Pictures with short captions
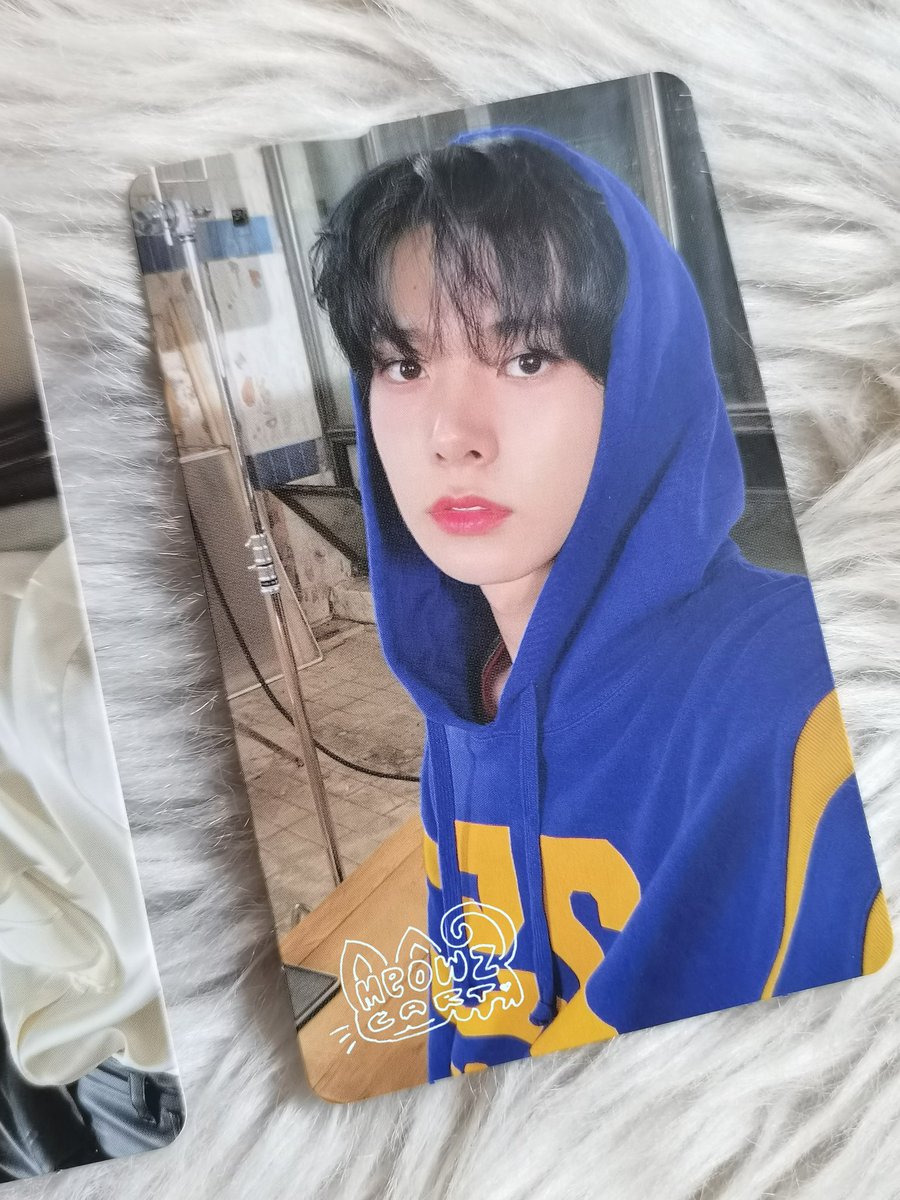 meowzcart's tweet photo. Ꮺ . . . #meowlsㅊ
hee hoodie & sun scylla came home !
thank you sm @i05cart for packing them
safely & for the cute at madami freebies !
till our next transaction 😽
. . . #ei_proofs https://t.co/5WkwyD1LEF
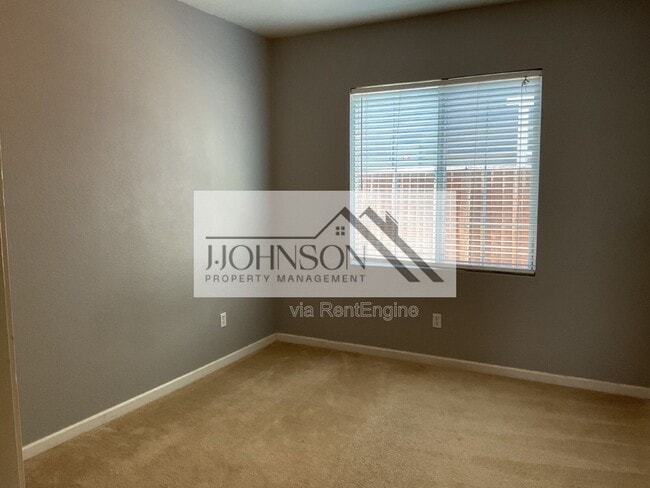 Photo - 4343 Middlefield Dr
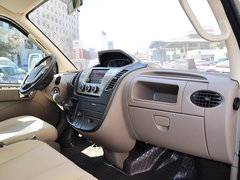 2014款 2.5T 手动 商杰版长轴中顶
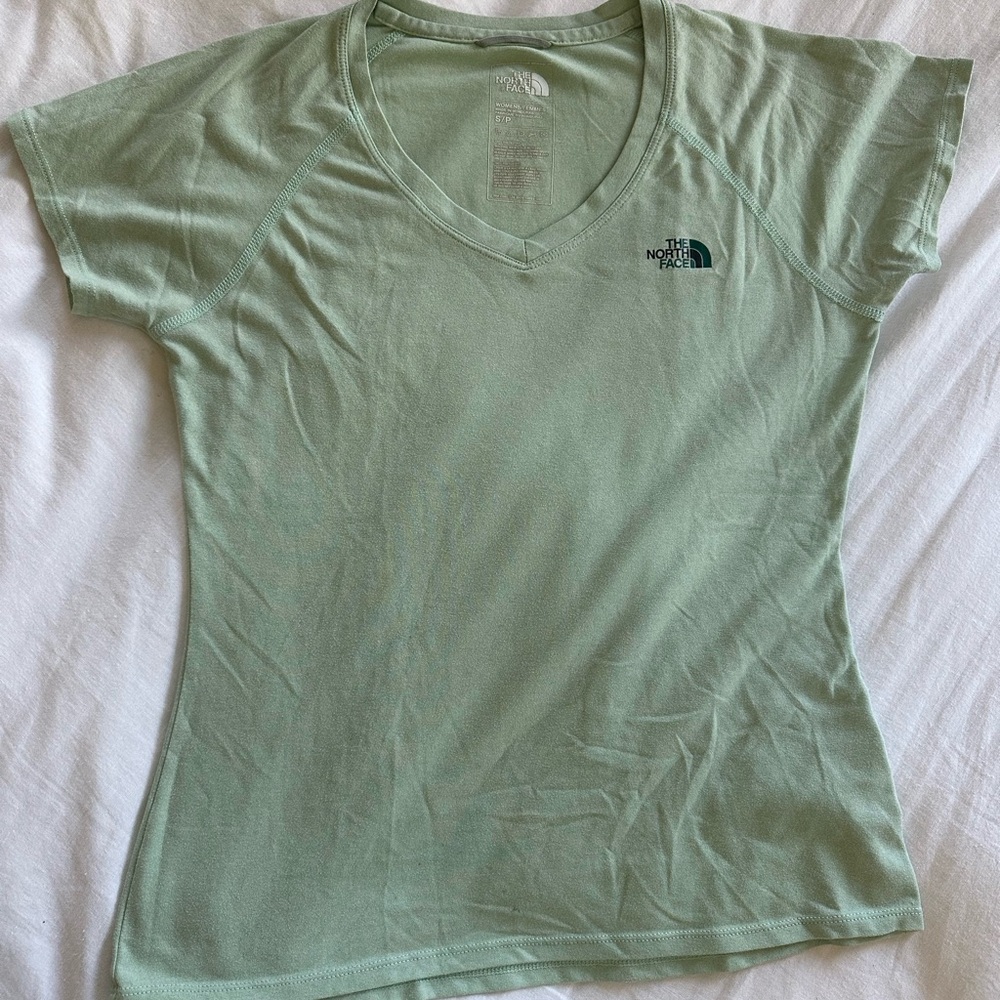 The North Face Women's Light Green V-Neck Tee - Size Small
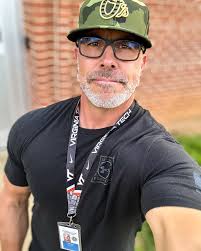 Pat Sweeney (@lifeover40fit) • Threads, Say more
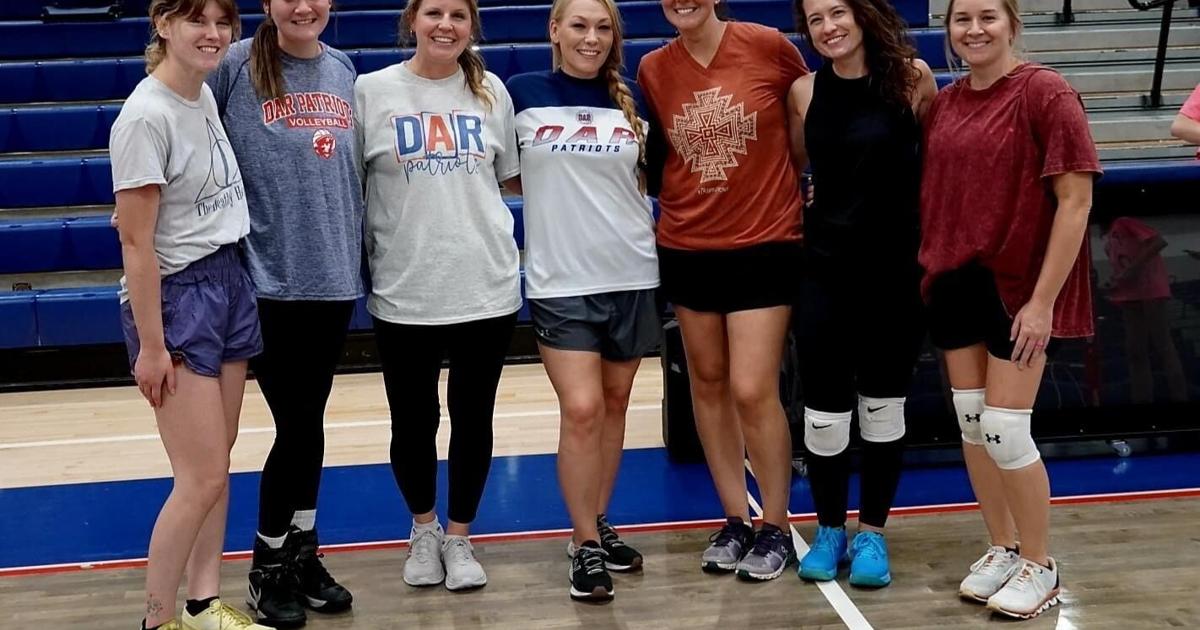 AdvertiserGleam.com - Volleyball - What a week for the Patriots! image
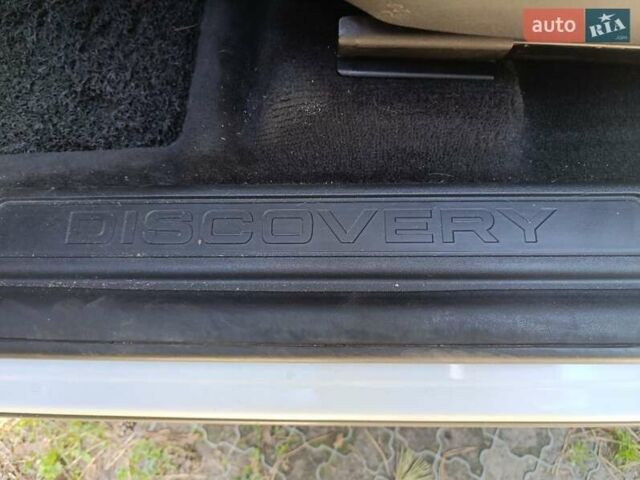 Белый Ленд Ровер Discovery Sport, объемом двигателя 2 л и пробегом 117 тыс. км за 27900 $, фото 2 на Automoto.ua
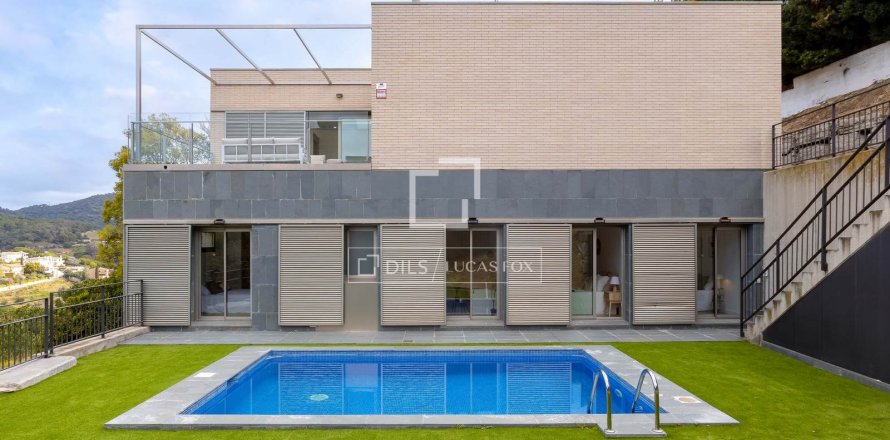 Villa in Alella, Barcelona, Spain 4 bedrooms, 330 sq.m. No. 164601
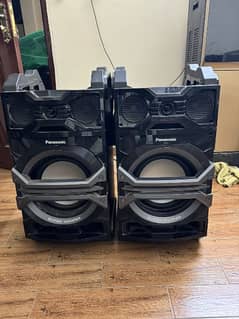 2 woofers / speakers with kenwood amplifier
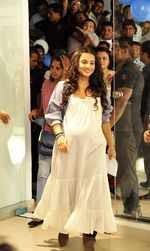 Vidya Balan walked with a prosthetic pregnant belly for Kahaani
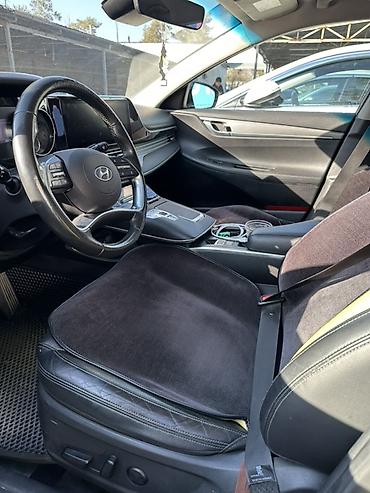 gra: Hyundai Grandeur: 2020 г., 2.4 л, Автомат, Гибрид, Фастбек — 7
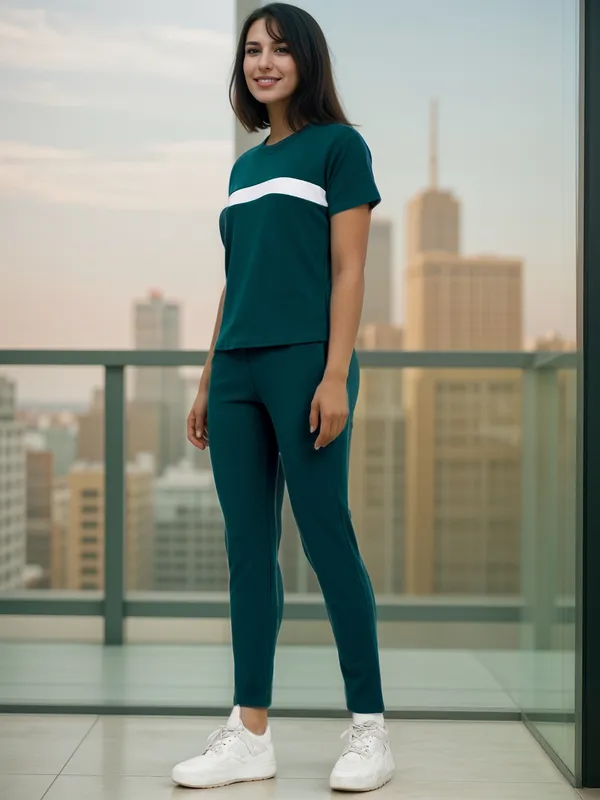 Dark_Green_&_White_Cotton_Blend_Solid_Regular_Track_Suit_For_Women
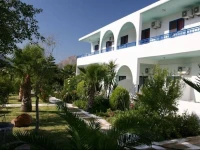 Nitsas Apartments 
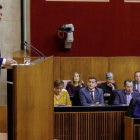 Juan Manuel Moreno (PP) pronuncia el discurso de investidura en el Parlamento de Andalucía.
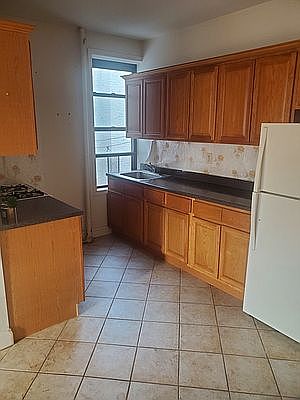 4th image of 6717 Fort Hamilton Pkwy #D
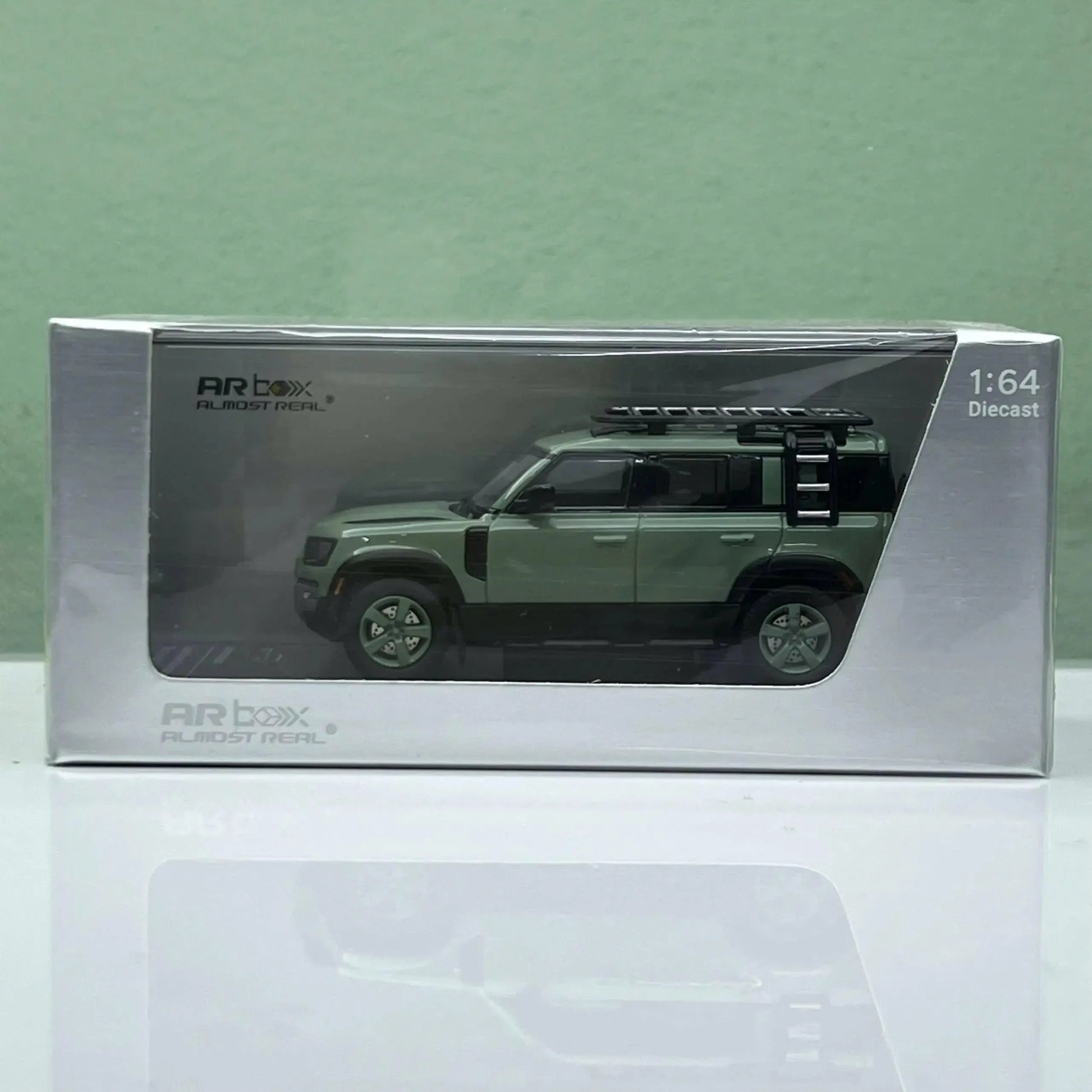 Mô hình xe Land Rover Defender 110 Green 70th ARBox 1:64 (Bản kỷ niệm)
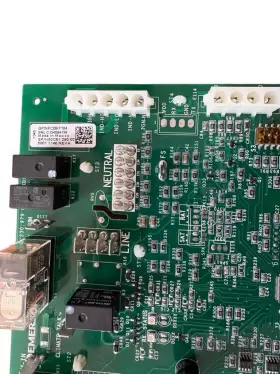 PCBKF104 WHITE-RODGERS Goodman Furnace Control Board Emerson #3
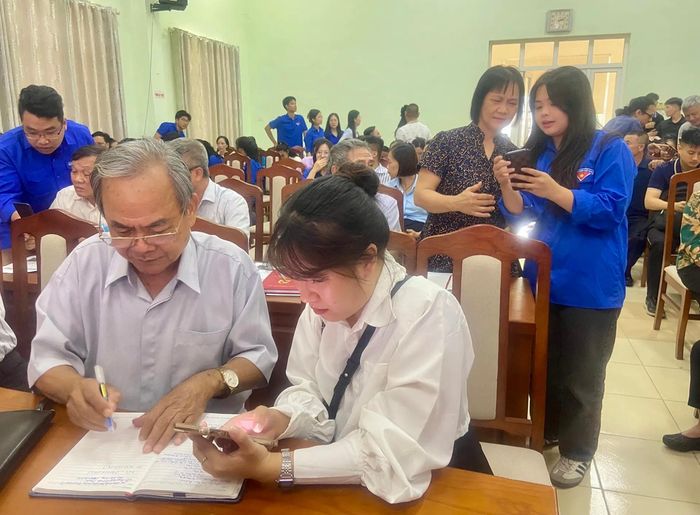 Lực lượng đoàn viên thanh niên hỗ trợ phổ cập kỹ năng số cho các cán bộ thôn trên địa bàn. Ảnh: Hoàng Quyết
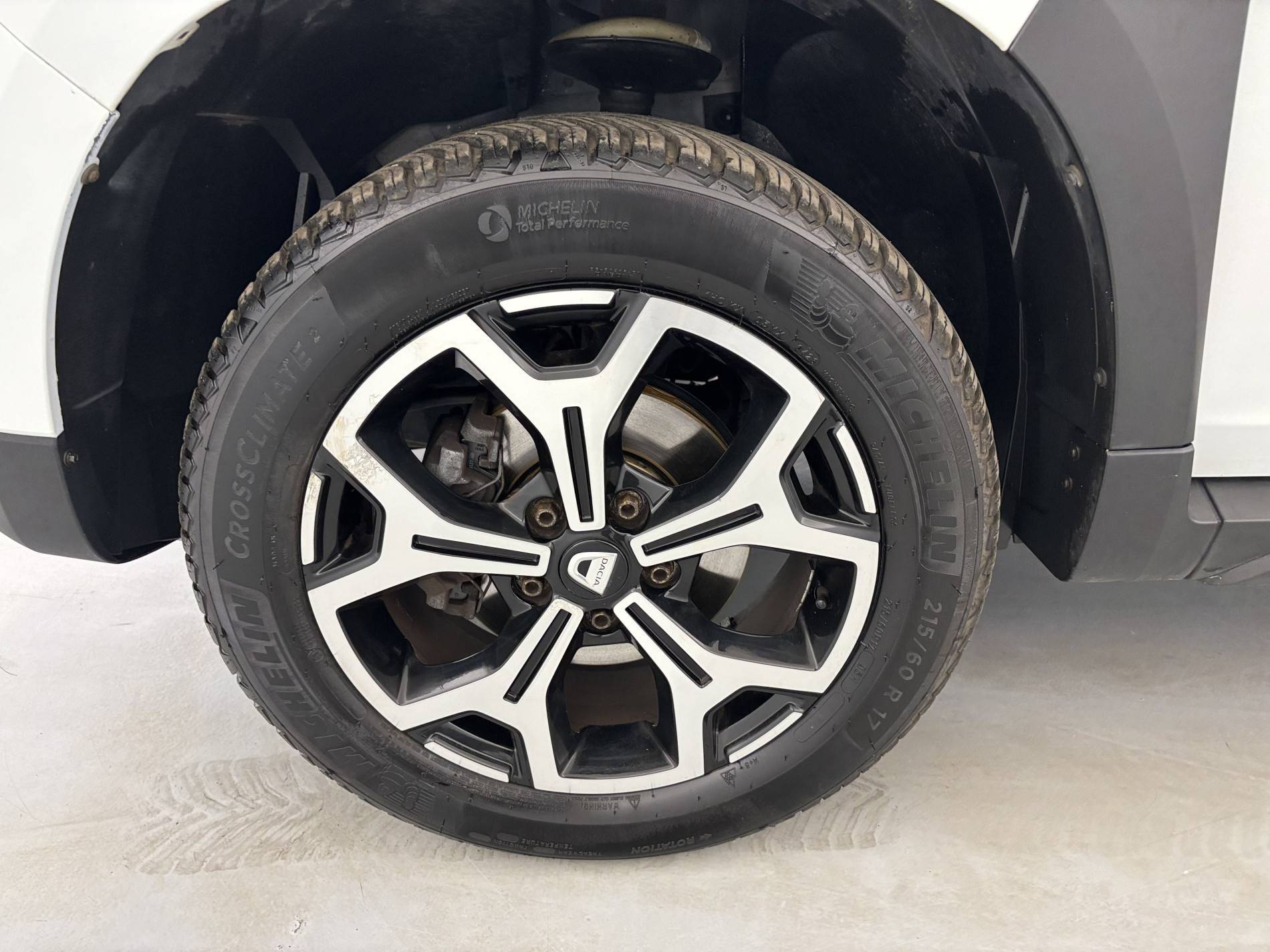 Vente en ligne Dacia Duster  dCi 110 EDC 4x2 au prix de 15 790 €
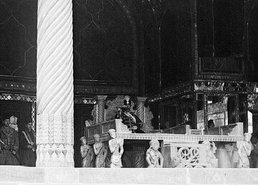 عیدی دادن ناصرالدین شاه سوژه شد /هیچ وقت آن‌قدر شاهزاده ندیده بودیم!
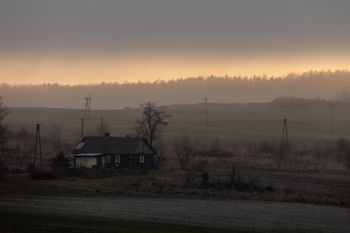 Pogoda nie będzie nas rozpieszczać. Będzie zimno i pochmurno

◆ **Problem to solve**: Leave out every picture, and copy exactly the lines above starting at the one holding "4th image of 6717 Fort Hamilton Pkwy #D" and ending at the one holding "Lực lượng đoàn", no more and no less.

◆ **Solved exercise**:
 4th image of 6717 Fort Hamilton Pkwy #D
 Mô hình xe Land Rover Defender 110 Green 70th ARBox 1:64 (Bản kỷ niệm)
 PCBKF104 WHITE-RODGERS Goodman Furnace Control Board Emerson #3
 Lực lượng đoàn viên thanh niên hỗ trợ phổ cập kỹ năng số cho các cán bộ thôn trên địa bàn. Ảnh: Hoàng Quyết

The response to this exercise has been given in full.